We evaluated our method on the publicly available multimodal BraTS 2020 dataset, which is a standard brain tumor segmentation benchmark [16]. Experiments show that the proposed merging produces highly accurate clusters compared to traditional monomodal approaches, thanks to the complementarity between modalities. We also demonstrate that using the local regularity coefficient allows generating more regular clusters on textures, better guiding the merging procedure. In the resulting segmentation after merging, the redundancy is reduced by a factor of 35 and the obtained supervoxels adhere very well to tumors boundaries.

2 Related Work

Brain tumor and lesion segmentation is often formulated as a pixel-wise semantic segmentation problem addressed with supervised learning approaches [4]. Among them, Convolutional Neural Networks (CNNs) have emerged as the current best-performing methods [15] taking different forms: 2D CCNs [2, 18], 3D CNNs [3], or extended to Fully convolutional [12] or multimodal approaches [23]. Despite their good performance, pixel-wise methods suffer from high computational complexity due to the significant number of redundant pixels, particularly when dealing with multimodal images. This complexity affects both classical and learning-based algorithms. In the case of CNNs, multimodal images may require higher capacity networks, prone to overfitting if the training dataset is small. In this work, we take a step aside from pixel-wise semantic segmentation and focus on the unsupervised early fusion of multimodal information.

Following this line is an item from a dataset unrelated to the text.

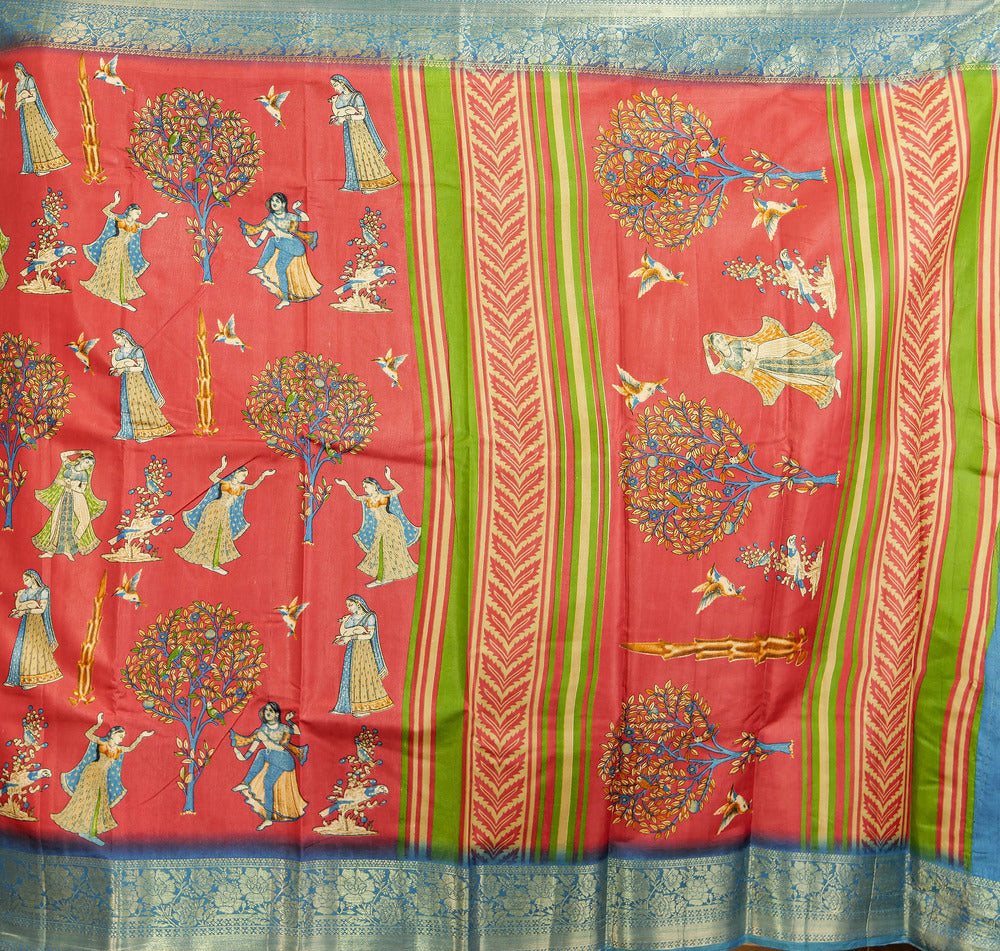 Bright pink saree with kalamkari print and beautiful jacquard border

Compared to pixels, superpixels are more consistent with human visual cognition, contain less redundancy, and reduce noise. Superpixels generally allow to significantly improve the speed compared to pixel-based algorithms by analyzing pixels clusters [7]. These properties are useful for computationally expensive tasks, such as brain tumor segmentation in multi-sequence MRI images. Most superpixel-based algorithms cluster the image into a high number of redundant superpixels (called oversegmentation) by adding cuts to a graph or growing from predefined seeds [24]. Superpixel methods combined with conventional machine learning approaches have been used for brain tumor segmentation, demonstrating to be fast and robust to noise, initialization, and intensity non-uniformity [10, 20]. However, these approaches neglect multimodal information in the superpixel step. Ignoring multimodality leads to of lack of adherence with weak boundaries, as noticed by Wang et al. [25]. Therefore, we opt for combining multimodal acquisitions, taking advantage of the complementary information to detect more detailed tumors structures and better adhere to borders.

Regarding other multimodal methods for brain tumor segmentation, Rahimpour et al.  [19] compare early and late CNN fusion, favoring late fusion as it does not need an initial registration step. In our work, we opt for an early but unsupervised fusion which assumes pre-registered modalities. Soltaninejad  et al.  [22] also proposed an early multimodal fusion approach to produce supervoxel boundaries across multiple MR sequences, enforcing adherence to weak structures boundaries. However, similar to the monomodal case, the algorithm results in a large number of redundant superpixels, which unnecessarily increases computation time and can lead to a higher false-positive rate. For this reason, we propose two contributions to reduce supervoxels redundancy in the multimodal case. First, a variance constraint inspired by the work of Giraud et al. [6], proposed in the context of natural images to better account for textured regions; and second, a supervoxel merging step.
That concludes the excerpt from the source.